My second thought was if this is really the department’s policy shouldn’t someone do an on-camera interview defending it and explaining to the public in a little more detail this whole concept of firefighters doing traffic stops? Shouldn’t the public be clued in on this so they won’t have the reaction that Patrick Brosnan did when he was stopped?

I encourage you to watch the TV story from KTXL (click here). Pay close attention to the on-camera interview with a spokesman from the Sacramento County Sheriff’s. The department runs the Rancho Cordova police department and has jurisdiction where this occurred. Three Sacramento County Sheriff deputies backed up the traffic stop. Sgt. Jason Ramos said in general and not specifically about this incident, “Doesn’t seem like a proper course of action or a lawful detention on the part of that individual.”  The sergeant added, “they’re not vested with that authority.”


“He swore at me as soon as he got out of the car … ‘what the f— do you think you’re doing back there,’” he (Patrick Brosnan) said. 

Making a statement for the department, Metro Fire Captain Chris Quinn said Brosnan was driving “extremely dangerously.”

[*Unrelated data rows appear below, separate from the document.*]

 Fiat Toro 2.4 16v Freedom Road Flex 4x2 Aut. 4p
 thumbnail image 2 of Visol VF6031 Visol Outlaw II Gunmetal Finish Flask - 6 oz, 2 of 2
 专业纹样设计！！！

Three Sacramento County Sheriff’s deputies were called in by the firefighter, who left the traffic stop soon after they arrived.

They gave Brosnan a field sobriety test, but found nothing wrong.

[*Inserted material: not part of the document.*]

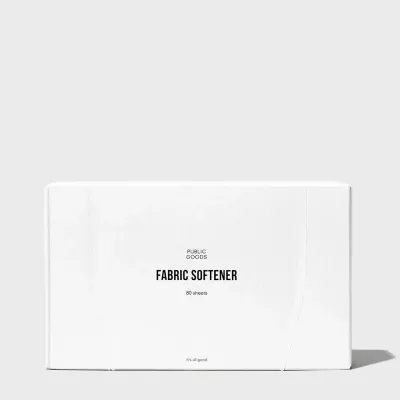 Dryer Sheets - Fabric Softener * S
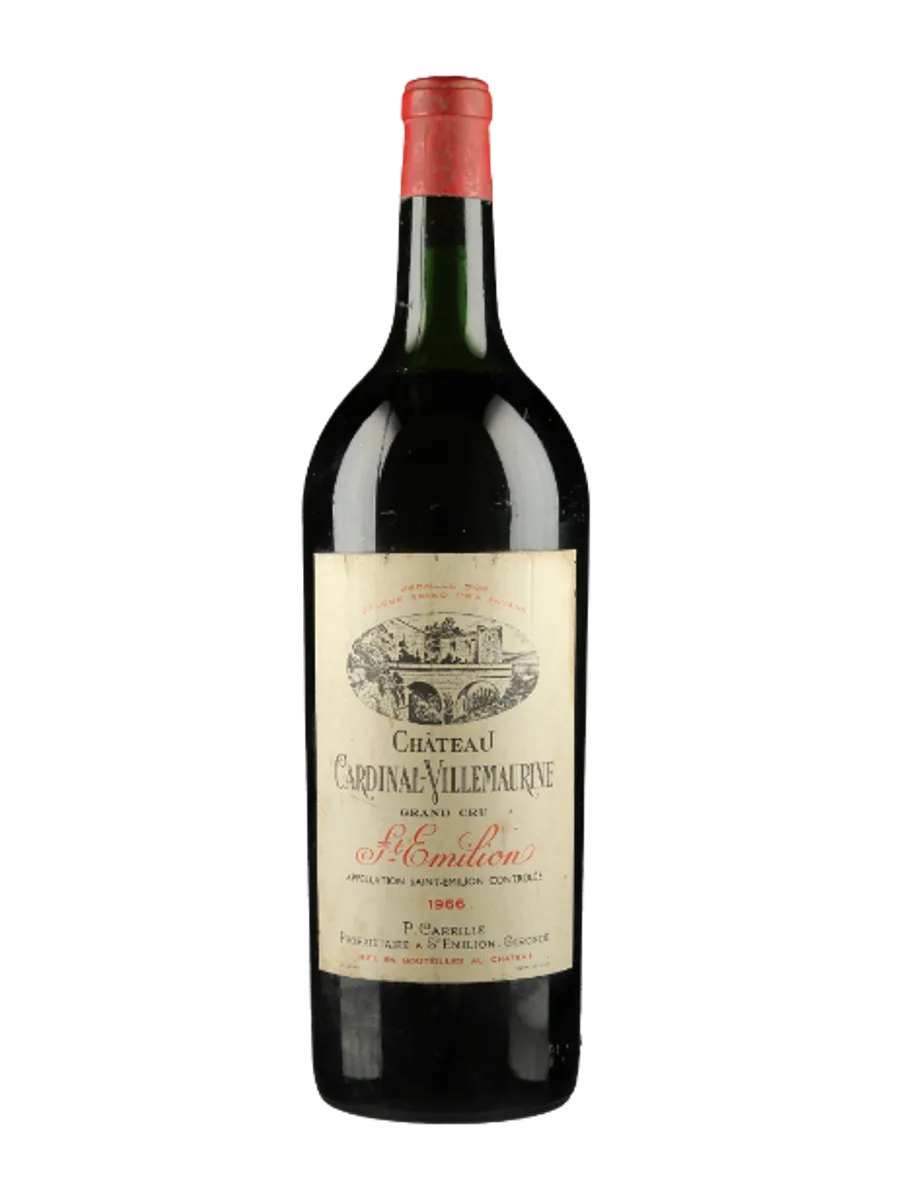 Chateau Cardinal-Villemaurine, Saint-Emilion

“They said, ‘We didn’t see you do anything. We can’t charge you based on what he said, even though he’s a fireman,’” Brosnan claims. 

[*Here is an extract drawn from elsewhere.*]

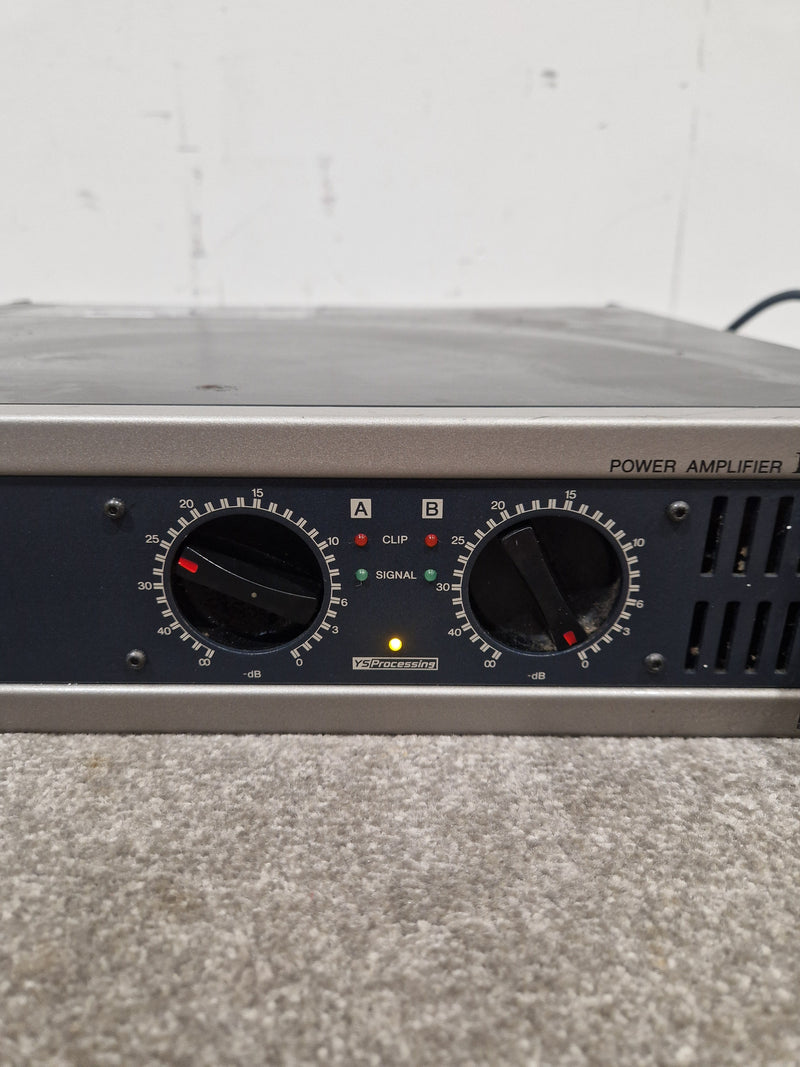 Yamaha P7000S - 700W Professional Power Amp - Good w/ Power Supply - Image 11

According to Brosnan, he got an abrupt response when questioning the stop.  “He was like, ‘You’re gonna get f-ing arrested,” Brosnan said.

The sheriff’s department has a very different take on what could have happened during that Saturday stop.

“With respect to that person deciding to not submit to the authority and take off, they wouldn’t necessarily be criminally liable,” he said.

Arson investigators have police powers and firefighters controlling traffic at accident scenes have limited police authority.